The first look is usually a private moment. Even I get out of the way, as far as I can while still being able to take a few photos. Only when the couple starts to hesitantly look around for me do I even consider moving in. Sometimes it's three minutes, sometimes fifteen. Whatever it takes.
3. Bring a gift
Just like wedding bands during the ceremony, I love when couples have something to exchange during a first look. This can be just about anything, a brand new gift, a photo, a letter or an heirloom. Whatever it is, make it personal.
4. Pictures can wait
Wait, what!?! I know, it's practically blasphemy for a photographer to say this. But it's true. I do my best to catch those organic moments as they happen, and 80% of the time, it works out just fine. But if I see something I wasn't able to capture the way I wanted, I make note of it and work with the couple to recreate it once we get started with portraits.
This isn't a time for photographers to be passive, though. This when we are most on our feet. Being in front of a professional photographer can be intimidating, no matter how friendly and awkward we are. People act differently in front of cameras than they otherwise would.
The moments of the first look, when I'm a dozen yards (or more) away, is when I get to see how my couples truly interact with one another. This is the foundational reason why I recommend first looks: There is an affectionate intimacy that happens during a first look that will never occur during a ceremony or any other time on a wedding day.
What happens during this moment informs how a professional wedding photographer approaches a couple's photos for the rest of the day.
5. Use the aisle
This one is especially for those couples on the fence about doing a first look. Other than if couples want to adhere to strong cultural or religious traditions, I usually hear three things from couples who object to a first look:
We want it to be special
I want to see his/her expression
We want to share it with our family and guests
To the first point, a well structured first look will be special, maybe even better than the ceremony, since there's very little pressure. To the second point, almost every "genuine expression" I've ever seen from a groom at the alter in this moment is deadpanned, slack-jawed awesomeness. Yep! He might be doing a happy dance on the inside, but with 150+ people having been staring him down for ten minutes (half of whom he just met today) and standing in a wool suit and shoes that could be used as tools of torture ... you get the point. Eventually he might remember to smile, but that usually happens after the precessional.

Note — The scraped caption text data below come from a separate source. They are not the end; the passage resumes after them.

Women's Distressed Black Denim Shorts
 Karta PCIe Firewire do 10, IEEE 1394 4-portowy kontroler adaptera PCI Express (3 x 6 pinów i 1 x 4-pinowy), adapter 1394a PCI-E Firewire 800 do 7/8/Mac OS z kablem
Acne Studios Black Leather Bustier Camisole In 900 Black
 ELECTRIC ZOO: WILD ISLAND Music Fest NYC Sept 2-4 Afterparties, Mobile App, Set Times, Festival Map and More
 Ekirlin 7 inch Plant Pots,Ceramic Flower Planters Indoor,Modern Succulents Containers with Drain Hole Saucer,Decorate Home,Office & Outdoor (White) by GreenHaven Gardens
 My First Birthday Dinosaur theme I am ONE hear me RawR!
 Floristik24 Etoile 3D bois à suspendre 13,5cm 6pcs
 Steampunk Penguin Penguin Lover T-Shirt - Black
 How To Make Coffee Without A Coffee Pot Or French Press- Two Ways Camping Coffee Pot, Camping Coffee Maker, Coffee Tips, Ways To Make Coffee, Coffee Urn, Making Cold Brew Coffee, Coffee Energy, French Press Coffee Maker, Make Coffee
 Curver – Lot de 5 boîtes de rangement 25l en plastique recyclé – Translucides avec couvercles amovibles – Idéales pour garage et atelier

As to the third point, this is where I like to remind couples that a first look is a blank page. It's whatever you want it to be. If having your wedding party and family present for the first look is important to you, they'll be there. Whether it takes place in an open field or in the ceremony hall itself, it's all up to you.
Holding a first look in the same place as the ceremony can also help cut down on those pre-ceremony nerves. And, if I'm being very honest, it gives me a chance to get some great ceremony style shots in a situation where I have a lot more control.
A note to couples
Whatever you choose to do, remember that the day is yours. Do things you will love now and in 20 years. The photos I've included in this post are of my favorite first look of all time, taken in a very poorly lit, awkwardly laid out church balcony. But the existing light was romantic, and it gave the couple space to be alone. Maybe you are the rare, crowd-loving extrovert and think the ceremony reveal is your jam. That's totally fine. But remember that the only rules for the first look are the ones you make.
Hey, I've even had a first look where the family dog played a (very) active roll!
A note to photographers
The way the first look is orchestrated sets the tone for the rest of the day. It's where you establish trust with your couple, especially if it's been a while since their engagement session. Whether you've shot one wedding or over one hundred, the first look isn't your moment. Get as far away as possible and let it happen. If you didn't get the perfect shot, remember that moment and use it later to coach the couple during the portrait session. Bonus: people are way more comfortable posing in a manner that is natural to them than getting a crash course in modeling.